◆ Exercise aim: Word for word, transcribe all the entries shown below.
======== Material provided
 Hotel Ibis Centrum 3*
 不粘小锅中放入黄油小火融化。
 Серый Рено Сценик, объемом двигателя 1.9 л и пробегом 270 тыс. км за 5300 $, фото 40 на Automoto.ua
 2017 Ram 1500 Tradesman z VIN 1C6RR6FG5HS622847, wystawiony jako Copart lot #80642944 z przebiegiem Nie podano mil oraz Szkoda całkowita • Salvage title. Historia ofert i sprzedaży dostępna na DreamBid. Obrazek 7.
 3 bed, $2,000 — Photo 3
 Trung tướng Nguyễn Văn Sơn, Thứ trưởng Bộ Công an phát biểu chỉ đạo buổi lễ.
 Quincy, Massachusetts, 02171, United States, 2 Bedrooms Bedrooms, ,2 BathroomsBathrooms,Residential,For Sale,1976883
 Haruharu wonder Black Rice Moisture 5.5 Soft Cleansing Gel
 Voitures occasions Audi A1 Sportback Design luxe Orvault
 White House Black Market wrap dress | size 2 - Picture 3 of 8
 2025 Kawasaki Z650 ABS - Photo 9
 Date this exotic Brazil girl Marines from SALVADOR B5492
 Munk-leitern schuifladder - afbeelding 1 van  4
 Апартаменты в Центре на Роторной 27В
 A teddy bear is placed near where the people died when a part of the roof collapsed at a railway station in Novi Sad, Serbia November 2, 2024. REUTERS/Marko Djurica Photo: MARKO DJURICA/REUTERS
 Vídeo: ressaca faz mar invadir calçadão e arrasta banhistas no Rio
================
◆ Final answer:
 Hotel Ibis Centrum 3*
 不粘小锅中放入黄油小火融化。
 Серый Рено Сценик, объемом двигателя 1.9 л и пробегом 270 тыс. км за 5300 $, фото 40 на Automoto.ua
 2017 Ram 1500 Tradesman z VIN 1C6RR6FG5HS622847, wystawiony jako Copart lot #80642944 z przebiegiem Nie podano mil oraz Szkoda całkowita • Salvage title. Historia ofert i sprzedaży dostępna na DreamBid. Obrazek 7.
 3 bed, $2,000 — Photo 3
 Trung tướng Nguyễn Văn Sơn, Thứ trưởng Bộ Công an phát biểu chỉ đạo buổi lễ.
 Quincy, Massachusetts, 02171, United States, 2 Bedrooms Bedrooms, ,2 BathroomsBathrooms,Residential,For Sale,1976883
 Haruharu wonder Black Rice Moisture 5.5 Soft Cleansing Gel
 Voitures occasions Audi A1 Sportback Design luxe Orvault
 White House Black Market wrap dress | size 2 - Picture 3 of 8
 2025 Kawasaki Z650 ABS - Photo 9
 Date this exotic Brazil girl Marines from SALVADOR B5492
 Munk-leitern schuifladder - afbeelding 1 van  4
 Апартаменты в Центре на Роторной 27В
 A teddy bear is placed near where the people died when a part of the roof collapsed at a railway station in Novi Sad, Serbia November 2, 2024. REUTERS/Marko Djurica Photo: MARKO DJURICA/REUTERS
 Vídeo: ressaca faz mar invadir calçadão e arrasta banhistas no Rio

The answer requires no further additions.